Quando trata de Clastres, Tible nos
lembra que para o antropólogo francês, o Estado sempre existiu, mas nas sociedades
indígenas existentes, este eraesconjurado por uma série de práticas que
esvaziam o desenvolvimento do poder. Isto é, longe de Engels, que concebeu o
Estado como evolução histórica da divisão do trabalho em As Origens da
Família, da Propriedade Privada e do Trabalho, para Clastres o Estado
estava posto desde sempre, mas práticas como o nomadismo e a relação entre a
tribo e seus guerreiros e chefes, ele restava apenas latente. O que os povos
estudados por Clastres nos apontavam era a possibilidade de esconjurarmos o
Estado aqui-agora. Isso seria possível, pois os povos de Estado, já foram,
algum dia sem Estado, não por falta de evolução, mas pelos agenciamentos
coletivos que produziam, o que estaria à nossa mão aqui-agora -- e, sim, você
há de ter lido algo do gênero, não por acaso, em Deleuze-Guattari.
Mas Marx, em dado momento, já antevia
as sociedades sem Estado existentes hoje como um símbolo do passado (europeu),
mas, sobretudo, como flecha apontando para o comunismo do porvir. Eis o que
seria o casamento (possível) entre a sociedade sem Estado e a sociedade contra
o Estado, atadas por um fio vermelho. Mas Tible perdeu a oportunidade para
adensar algo que ele mesmo suscitou, quando lembrou o comentário de Gustavo
Barbosa sobre o contratualismo em
Hobbes: faltou, entretanto, definir o que seria, ontologicamente, “sociedade”,
ou qual o motivo de naturalizarmos o termo como a própria essência da
coletividade humana; se o próprio Marx via o contrato social como um mecanismo
de expropriação, seria possível haver sociedade sem contrato social?
E poderia haver sociedade -- A Sociedade -- sem haver um Estado para fazer
valer -- à força, se necessário -- tal contrato? Como os selvagens, que em toda
a literatura contratualista não
travaram contrato social algum, poderiam constituir uma forma de sociedade?
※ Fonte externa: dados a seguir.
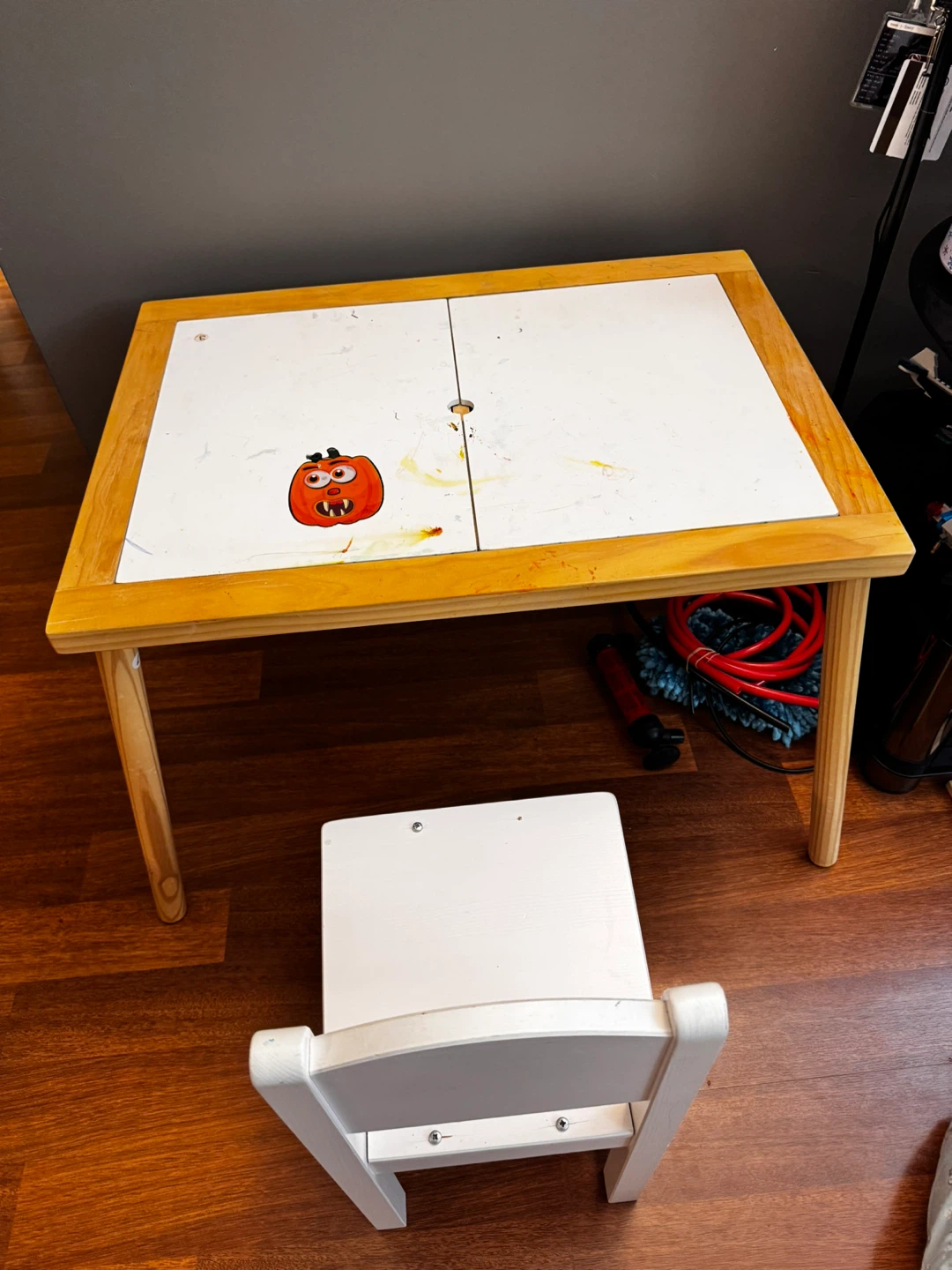 Kids Activity Table with Chair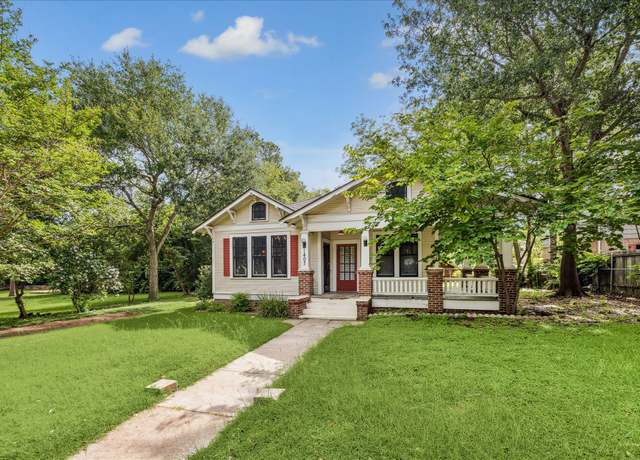 Property at 1407 S Baylor St, Brenham, TX 77833, 2 beds, 1 bath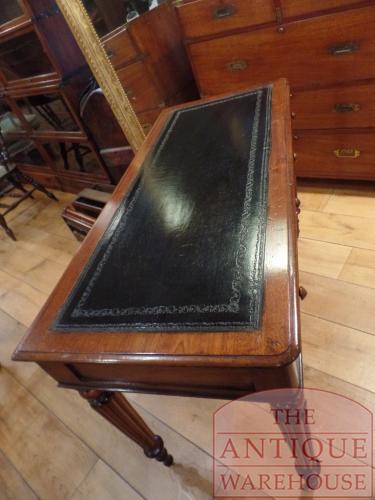 Antiek mahoniehouten schrijftafel of sidetable 2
São questão que ambos, Marx e
Clastres, não enfrentaram a seu tempo, logo, Tible não teria obrigação, em
tese, de fazê-lo descritivamente em um trabalho acadêmico. Mas poderia ter
adensado a crítica nessa direção. Deleuze e Guattari, eles mesmo, acertaram ao
falar, no Anti-Édipo, no acerto de Marx ao tratar a história como a
história dos cortes e das contingências, mas apontavam que o pensador alemão
errou ao fazer leitura da história como luta de classes -- quando isso pode se
revelar apenas a história desde o advento da burguesia --, o que causava a ilusão
de ótica de ver a burguesia, em algum momento, como realmente revolucionária --
o que implica em desconhecer os próprios descaminhos da revolução passada e,
consequentemente, das revoluções futuras. Por outro lado, no entanto, D&G
esvaziaram isso ao, em Mil Platôs, surgirem com a ideia da existência de
um Estado, ou um fantasma estatal, que percorreria a história do humana. A
própria noção de socius, já no Anti-Édipo, é parte dessa contradição em
termos, uma vez que o pensamento social, ao contrário do que parece, é
eminentemente burguês.
Ainda que Marx e Clastres digam “sociedade”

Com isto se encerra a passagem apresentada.